Well ... if u have loads od space , then MP3 for sure (>180 kbps) ... and if ur running short on space then use MP4 ...


----------



## sarvanan (Jul 7, 2006)

thanks folks...what is .ra format..where you compress songs from 5 mb to 500KB or less than a mb.... one of my friend sai....any one is aware of this...Kinldy let me know.


----------



## Najesh (Jul 7, 2006)

Friends can u put some light on what is FLAC.I converted mp3 to .flac,and its size became 32 mb.I had heard that .flac is lossless compresssion,bt how did it compress,infact it increased d size.


----------



## enticer86 (Jul 9, 2006)

well i think the same way but being a music lover, cm to think of it, normally u wil listen to around 5-10 songs during a period i mean only a few songs can b ur most favs...so btter keep thm in best quality, since quality is more importnt thn quantity....wotsay guys!


----------



## Pathik (Jul 9, 2006)

FLAC is the best quality audio... i think it was invented by Apple...
it is compressed in comparision to WAV


----------



## martian (Jul 9, 2006)

I'm using Sony Ericsson. For SE fans, I'd bet on music files ripped as AAC... Damn good Bass! High Profile MP4 ripped at 64+ kbps sounds good too! Dont know about Nokia... I hate Nokia!


----------



## gxsaurav (Jul 9, 2006)

it's a nokia 7610, convert to Real audio format at 64 kbps


----------



## prasad6100 (Jul 12, 2006)

use rm files. u can find rm files song free in many sites.


----------



## expertno.1 (Jul 16, 2006)

I suggest to get the format in mp3 @ 96 kbps , stereo and at 16000 hz instead of 44000 hz . it will redue ur file size and will be best sound in nokia .
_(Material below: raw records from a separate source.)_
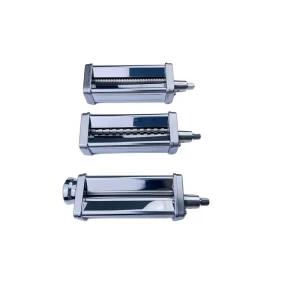 Electric Pasta Roller & Attachment for Stand Mixer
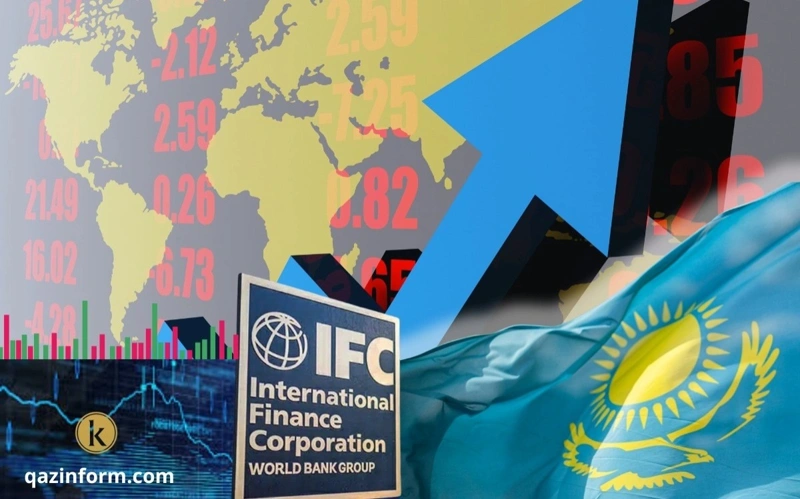Казахстан укрепляет позиции инвестиционного лидера Центральной Азии — IFC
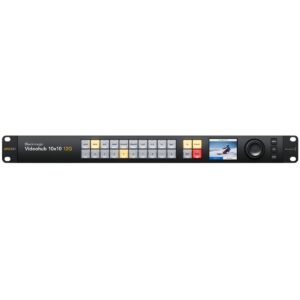 BLACKMAGIC DESIGN VideoHub 12G 10x10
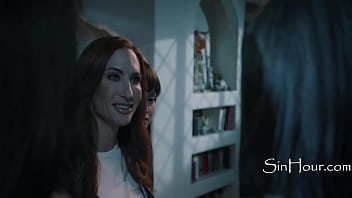 Demons Corrupt Les Step Moms Into Commiting The Ultimate Taboo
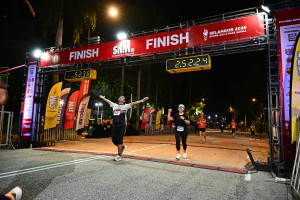 Selangor Half Marathon 2026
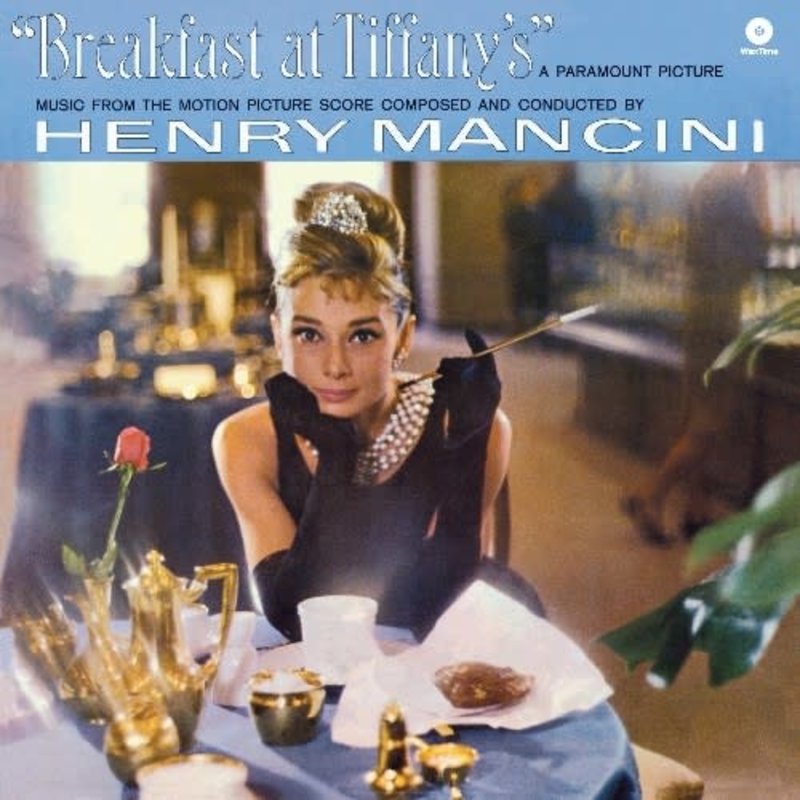 New Vinyl Henry Mancini - Breakfast at Tiffany's [Import] LP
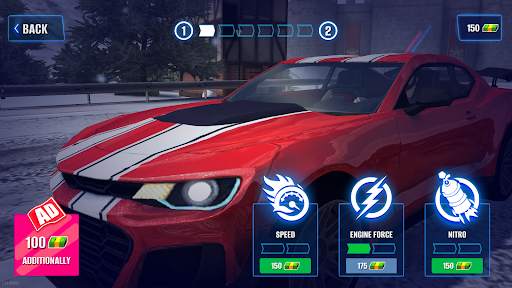Goner Race - Speed Legend screenshot 5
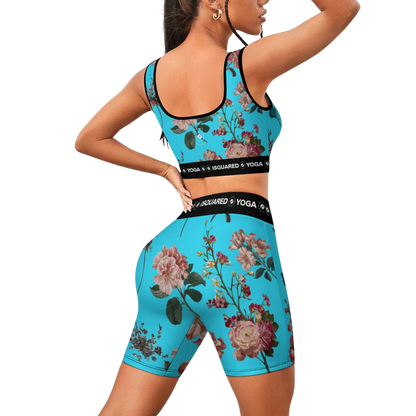 Conjunto iSquared Yoga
but you must use the software "mp3 player 3.20" for symbian phones .
it gives good and loud sounds.

if u r low on memory , then get the mp3 @ 48 kbps at 32000 hz , mono/stereo ur wish .
it will give u best sound within 2.3 mb .
and the software is "mp3 player 3.20" for symbians .
u can get this software here,

www.mobuniverse.com


Thanks....
Regards....
Expertno.1


----------



## martian (Jul 17, 2006)

MP3s @ 48 kbps?? Dude, you must be nuts! Any MP3s less than 96 kbps are not worth listening! 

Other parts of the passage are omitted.